Arrest Of Middle School Students Violated The Fourth Amendment

On October 8, 2013, a group of seventh grade girls (twelve and thirteen-year-olds) were handcuffed, arrested, and transported in police vehicles from their middle school campus to the police station. An assistant principal had asked a school resource officer (“SRO”) to counsel a group of girls who had been involved in ongoing incidents of bullying and fighting. School officials gathered the girls in a classroom to wait for the SRO. The group included both aggressors and victims, and the school did not identify or separate them. When he arrived on campus, the SRO initially intended to verify the information the school had given him and to mediate the conflict. Within minutes, however, the officer concluded that the girls were being unresponsive and disrespectful. He decided to arrest the girls because, as he explained to them, he was not “playing around” and taking them to jail was the easiest way to “prove a point” and “make [them] mature a lot faster.” The SRO stated that he did not care “who [was] at fault, who did what” because “it [was] the same, same ticket, same pair of handcuffs.”

Three of the girls sued the arresting officers and the County of San Bernardino for unlawful arrest in violation of state laws and the Fourth Amendment. The district court denied the officers’ qualified immunity defense and granted summary judgment in favor of the students.  The Ninth Circuit Court of Appeals affirmed the ruling.

The US Supreme Court has held that the Fourth Amendment’s prohibition on unreasonable searches and seizures applies to searches conducted by public school officials.  School officials may, under certain circumstances, conduct warrant-less searches of students under their authority. The search, however, must be reasonable and reasonableness depends on whether (1) the action is justified at its inception, and (2) the search as actually conducted was reasonably related in scope to the circumstances which justified the interference in the first place.  These standards also apply to seizures of students, such as the arrests in this case.

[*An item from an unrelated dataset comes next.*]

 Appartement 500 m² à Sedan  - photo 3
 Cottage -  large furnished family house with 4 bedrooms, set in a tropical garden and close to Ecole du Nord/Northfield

The appellate court determined that the arrests of the three middle school students were not reasonable because they were not “justified at their inception.”  The officers were given only generalized allegations of the girls’ bickering and fighting, rather than any specific information related to each girl.

The court also looked to the SRO’s motivations in arresting the girls, noting that he told them he wanted to “teach them a lesson” and prove a point.  It was clear to the court that the arrests were not intended to maintain campus safety; nor were they carried out because the SRO suspected the students of committing a crime.

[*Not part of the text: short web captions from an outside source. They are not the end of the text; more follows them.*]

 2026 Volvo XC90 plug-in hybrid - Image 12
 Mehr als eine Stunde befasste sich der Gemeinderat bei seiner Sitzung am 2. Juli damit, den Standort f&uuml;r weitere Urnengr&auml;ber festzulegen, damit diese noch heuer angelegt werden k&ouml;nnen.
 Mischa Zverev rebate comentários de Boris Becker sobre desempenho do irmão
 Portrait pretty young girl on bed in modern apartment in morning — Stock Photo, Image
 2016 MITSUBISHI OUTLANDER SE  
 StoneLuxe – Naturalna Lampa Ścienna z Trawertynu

The court also concluded that the arrests were not reasonably related in scope to the circumstances leading up to the arrests.  According to the court, “the summary arrest, handcuffing, and police transport to the station of middle school girls was a disproportionate response to the school’s need.”  The school principal had simply called upon the officers to address an ongoing feud between students. The Court stated:

Deputy Ortiz faced a room of seven seated, mostly quiet middle school girls, and only generalized allegations of fighting and conflict among them. Even accounting for what Deputy Ortiz perceived to be non-responsiveness to his questioning, the full-scale arrests of all seven students, without further inquiry, was both excessively intrusive in light of the girls’ young ages and not reasonably related to the school’s expressed need. Ironically, the primary instigator of the conflicts, L.V., was the only one released to a parent at the school campus.

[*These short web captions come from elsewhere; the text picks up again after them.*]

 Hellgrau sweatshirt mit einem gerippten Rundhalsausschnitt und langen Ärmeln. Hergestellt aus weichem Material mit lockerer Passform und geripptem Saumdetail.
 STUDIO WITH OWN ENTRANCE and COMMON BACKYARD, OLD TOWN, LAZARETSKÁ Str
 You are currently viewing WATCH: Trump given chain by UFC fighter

The appeals court upheld the judgment in favor of the students. This case is a good reminder that a search or arrest of a student must be justified at its inception and must be proportionate to the need to maintain order and discipline.  SROs cannot arrest students to prove a point or as a scare tactic. The judgment in favor of the students may prove costly to the defendants in this case because a finding of a constitutional violation can lead to an award of damages and attorneys’ fees, as well as personal liability for the individual officers involved.

The case is from the Ninth Circuit and is Scott v. Cty. of San Bernardino, No. 16-55518, 2018 WL 4288899 (9th Cir. Sept. 10, 2018).